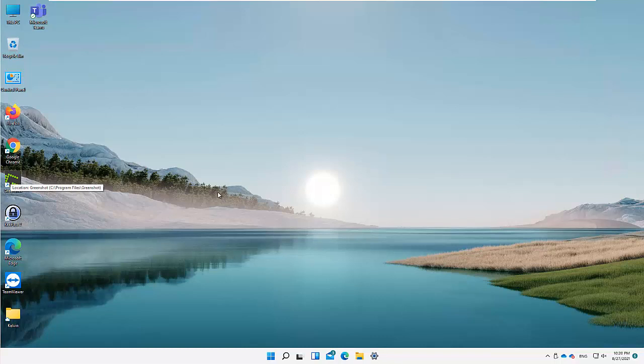Welcome to my YouTube channel. My name is Calvin Johnson. In this video I'm going to show you how to change your Windows 11 desktop background. Here you can see I'm using this beautiful desktop background, so how do you change your desktop background to the background of your choice?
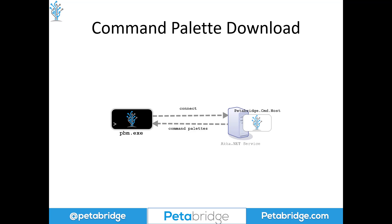It's possible to create your own command palettes and we even have a quick start tutorial that shows you how to do this on the Petabridge.Cmd website and we have a number of built-in palettes you can use right away if you want. So speaking of which, let's take a look at a demo of Petabridge.Cmd in action.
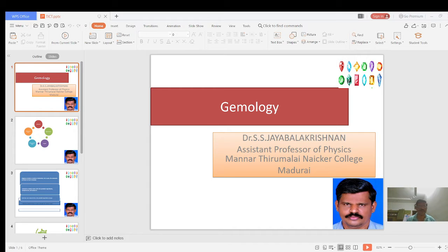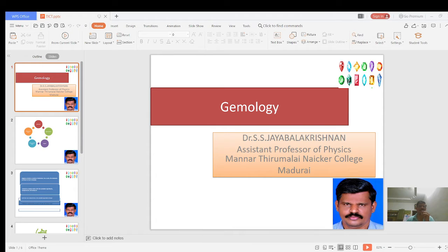Good evening students. Today we are going to discuss gemmology. Gemmology is the skill paper for UG Physics, fifth semester, first skill paper. Gemmology is the study of gemstones. We are studying about different kinds of gemstones, which are used in different fields — not only in wearing ornaments but also in the medical field, mainly to produce sound effects as well as healing effects.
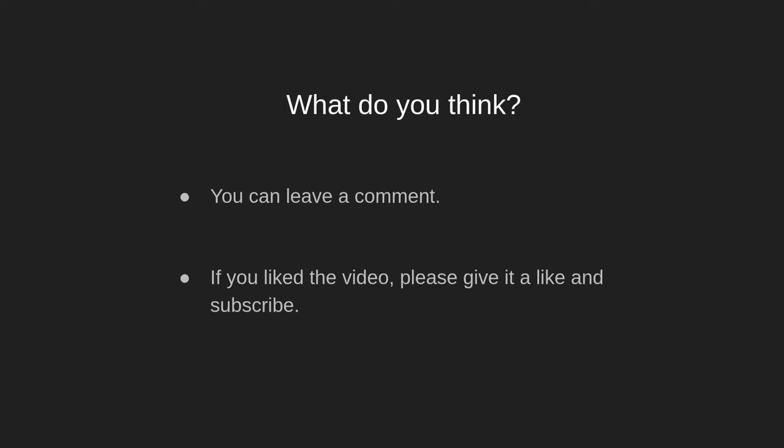What is your opinion? Leave a comment below, and if you liked the video, please like and subscribe. Goodbye!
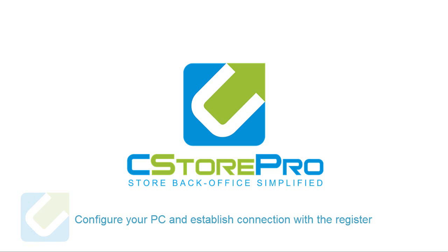In this video you will learn how to configure your back-office PC and establish connection with your register. Let's start by going to your back-office computer.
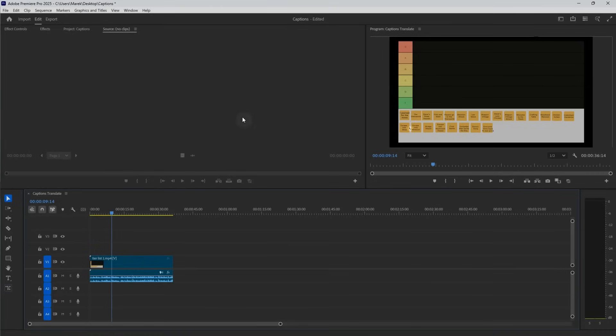Welcome back everyone. Marek Moolarczyk here. In this video, I want to show you one of the newer features that appeared recently in Premiere Pro, where when you create captions or subtitles, you can now also translate them, which is a really exciting feature. We can get all different languages. So this should be fun. I've got this video here with the voiceover.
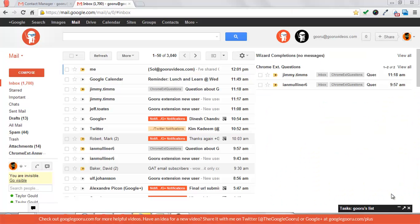Hey guys, welcome back to the Google Guru. Today's video is going to be a pretty basic one on how to create contact groups in Gmail.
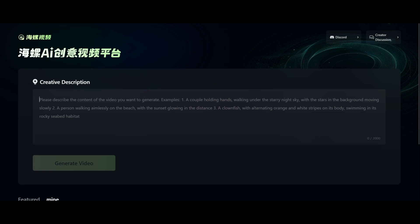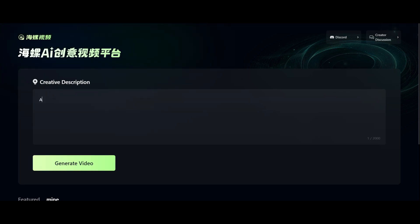Open Minimax with the link in the description. Type the prompt for the video clip you want to generate. Be specific if you want more detail and realism in your clip.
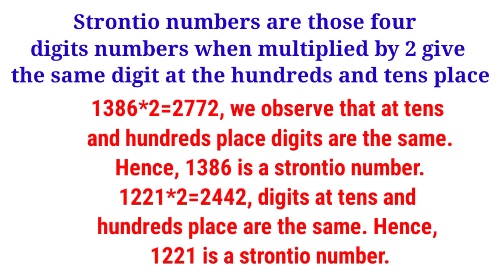A strontio number is a number which must be four digits, and when we multiply by 2, the resulting number has the same digit at the tens and hundreds place.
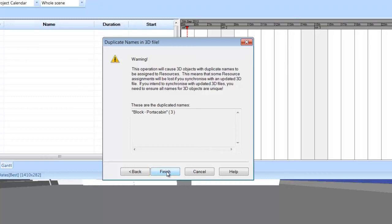This will happen if you are using the sample files. In creating material resources, Synchro also tries to create meaningful names for each resource so you can find and use them later. These names are based upon information read from the 3D file, where duplication is possible.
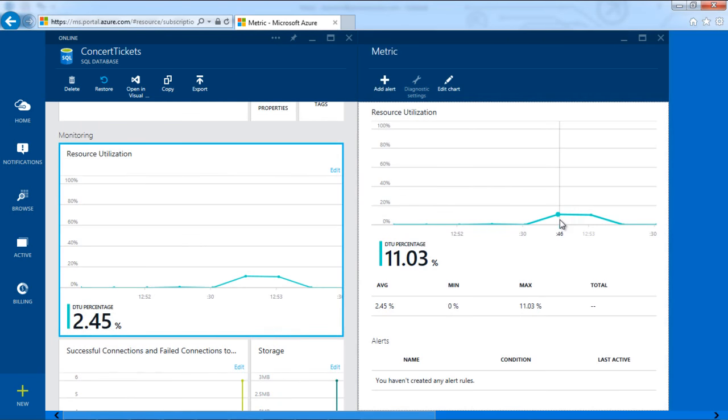Now the resource utilization graph shows that my database has consumed around 10% of the available DTUs running the same load.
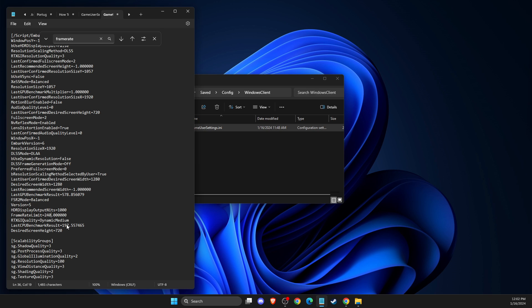If your monitor is 144Hz, you can easily do that by putting this number here, a dot, and leave the zeros here. Then just press save.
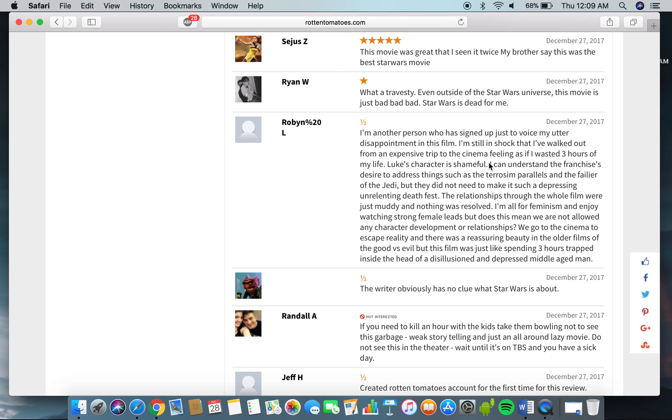Luke's character is shameful. I can understand the franchises' desire to address things such as the terrorism parallels and the folly of the Jedi, but they did not need to make it such a depressing, unrelenting death fest. The relationships through the whole film were just muddy and not the result.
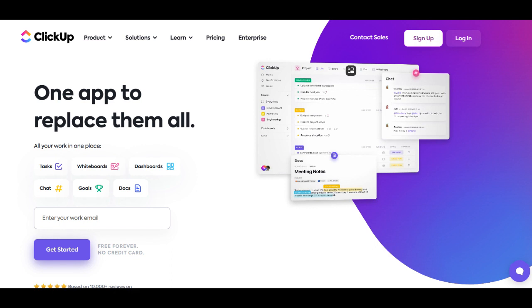Additionally, the amount of storage provided in the free version may be restrictive for teams dealing with large files or extensive project data. This storage limitation might prompt businesses with substantial storage requirements to consider the paid plans for a more accommodating solution.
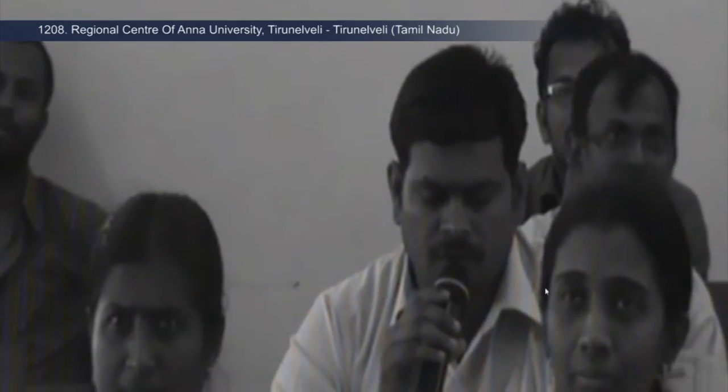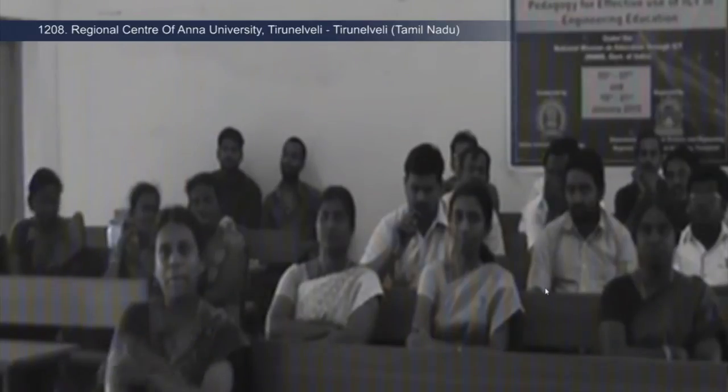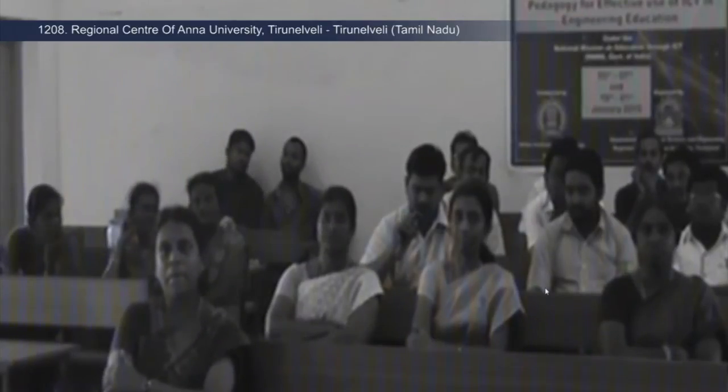RC 1208, regional center of Anna University. Thanks for organizing a wonderful workshop — it is really very useful for us. We learned many technology tools and repository websites. My question is related to wiki. Suppose we form a group using wiki for a particular course — is it possible to send a group message through wiki to the students, or is this feature possible in Moodle also?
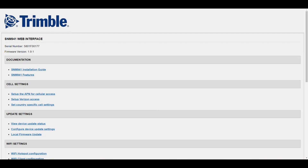The serial number and firmware version are shown on the main screen of the web UI, with additional settings sections listed below. The carrier settings will be configured under cell settings.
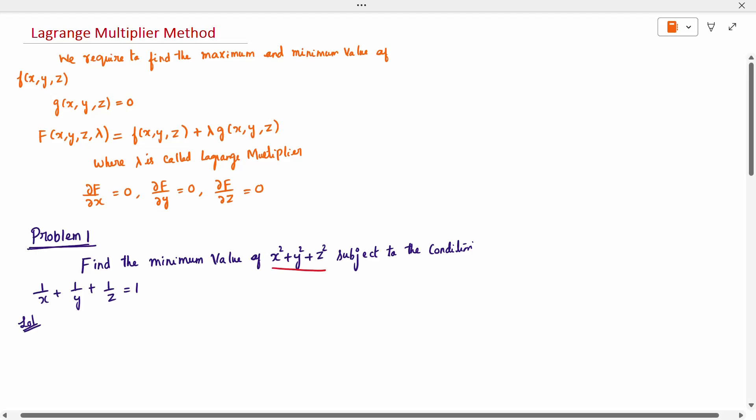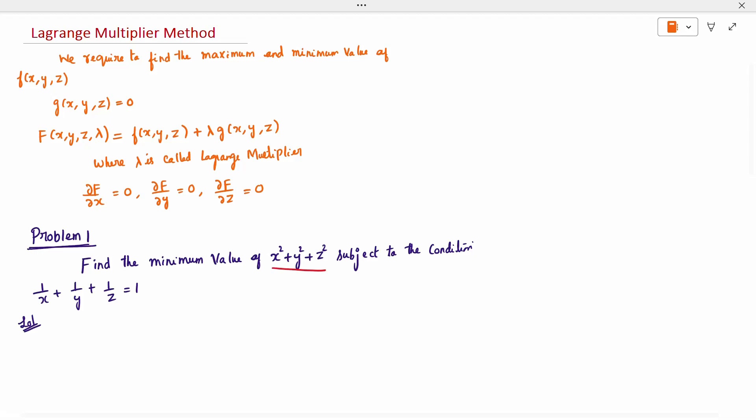Today's topic is the Lagrangian multiplier method. We require finding the maximum or minimum value of a function f, where g of x, y, z equals zero is a constraint. When we join both functions with the parameter lambda, it is called the Lagrangian multiplier, denoted as capital F of x, y, z, lambda — which is f plus lambda times g. After forming this single equation, we differentiate with respect to x, y, and z individually and set each equal to zero.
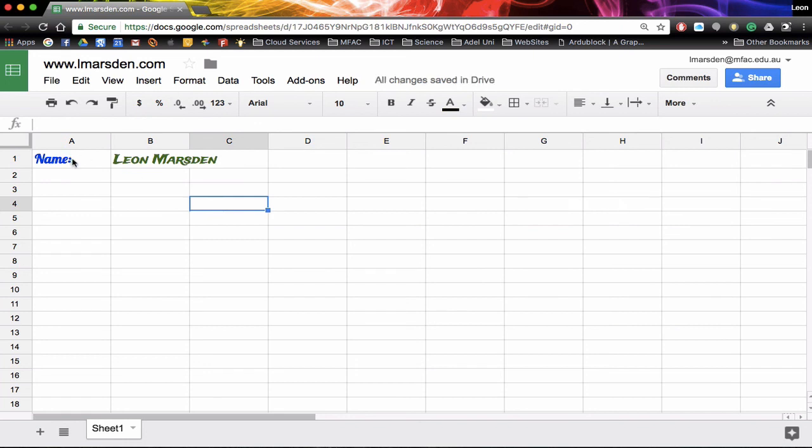So in this way we can actually change the font size, font color and actually the fonts that are actually installed in our Google Sheets. So I hope you found this useful when working with fonts.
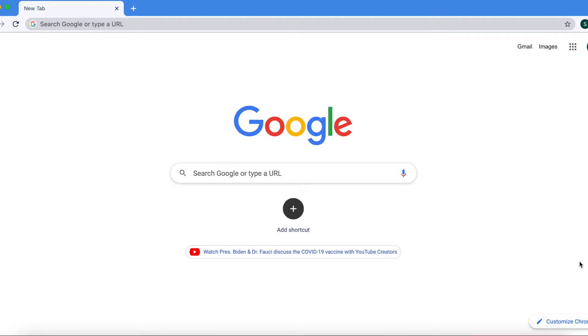The first step is to open up your web browser. As you can see here, my Google Chrome is open, but any other web browser will do, such as Safari, Edge, or Firefox.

□ □ □ □ □ □ □

Aim of the task: Repeat, without pictures, exactly the lines of the data above from the one containing "What is your" through the one containing "In this video you", including both and adding nothing.

Answer section:
What is your opinion? Leave a comment below, and if you liked the video, please like and subscribe. Goodbye!
In this video you will learn how to configure your back-office PC and establish connection with your register. Let's start by going to your back-office computer.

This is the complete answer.